The writing was on the wall at last month’s Consumer Electronic Show, when Kodak had the biggest flashiest stand we ever did see. This is the famous inverse square law of marchitecture – when your back is against the wall, stick your chest out like a pigeon and go strutting just to show what kind of a creature you are. A pigeon.
I busied myself collecting as many free pens as I could, conscious of the fact that Kodak had snapped and was showing off at CES, crackling and popping like a crackling and snapping and popping sort of a thing.
Rather than sell digicams any more, Kodak will concentrate its efforts on inkjet printers but we can’t really see that it has a snowball’s chance in hell there, either.
That writing was first on the wall for Kodak in the early years of the 21st century, when it was clear it didn’t stand an earthly re-aligning its business to compete against the up-and-coming giants such as Samsung, LG and other more thrusting businesses.
It’s somewhat strange that the price of silver remains relatively high, seeing as that market relied to a great extent on that old fashioned concept called “film”. It is very sad.
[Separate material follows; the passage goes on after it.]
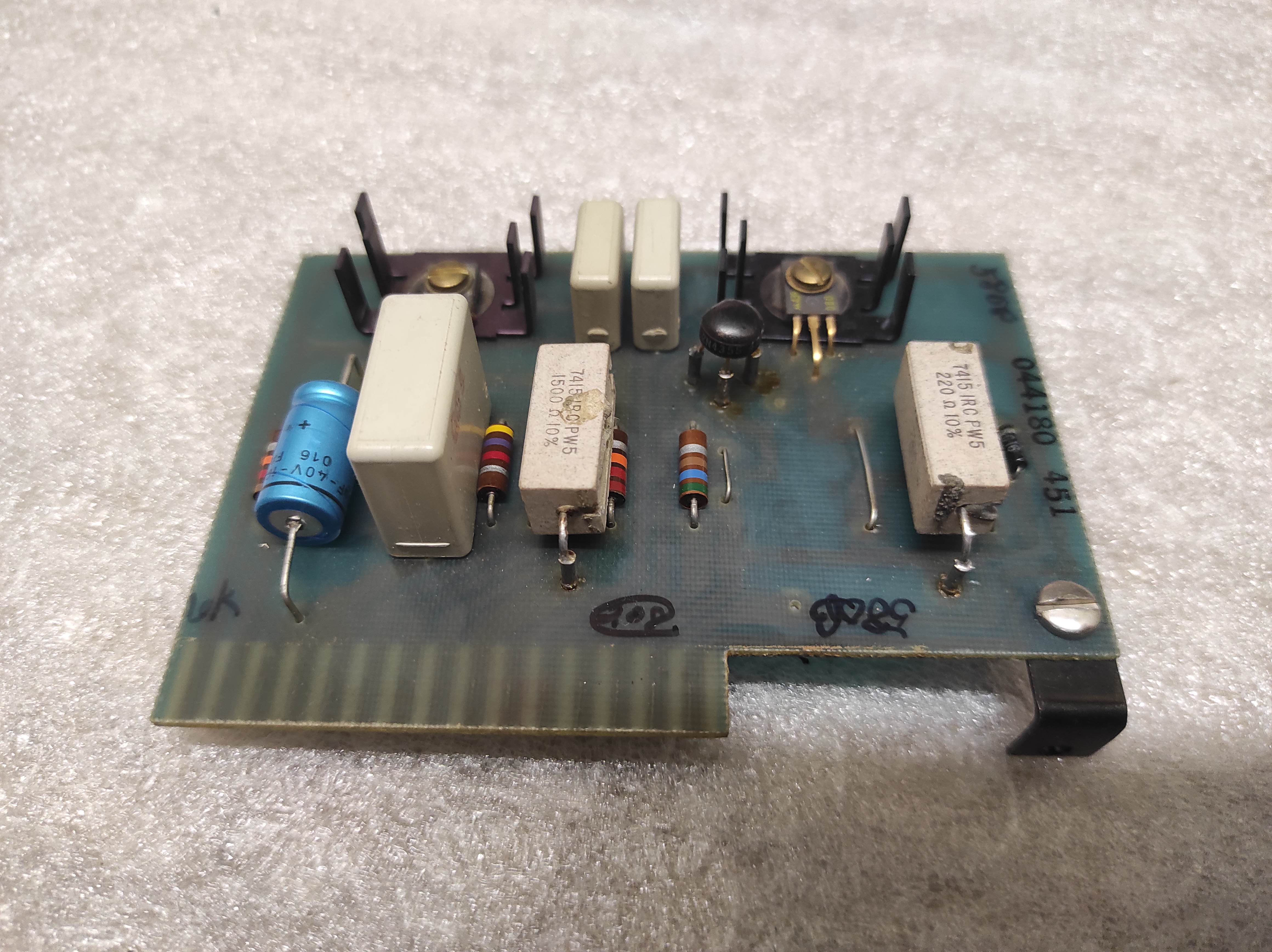 McIntosh 1900 vintage receiver voedingsprintplaat 044180 niet gecontroleerd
Harrow, in North West London, relied on a big Kodak factory there almost forever, while don’t mention Rochester in the USA.
Kodak, which entered Chapter 11 bankruptcy protection last month, reckons that shuttering the digicam biz will save it $100 million but few will take much satisfaction at this latest move. Historically, it made snapping photos available to all – I first cut my teeth on a Kodak Brownie, but it just simply failed to adapt to existing market conditions, like many a dinosaur.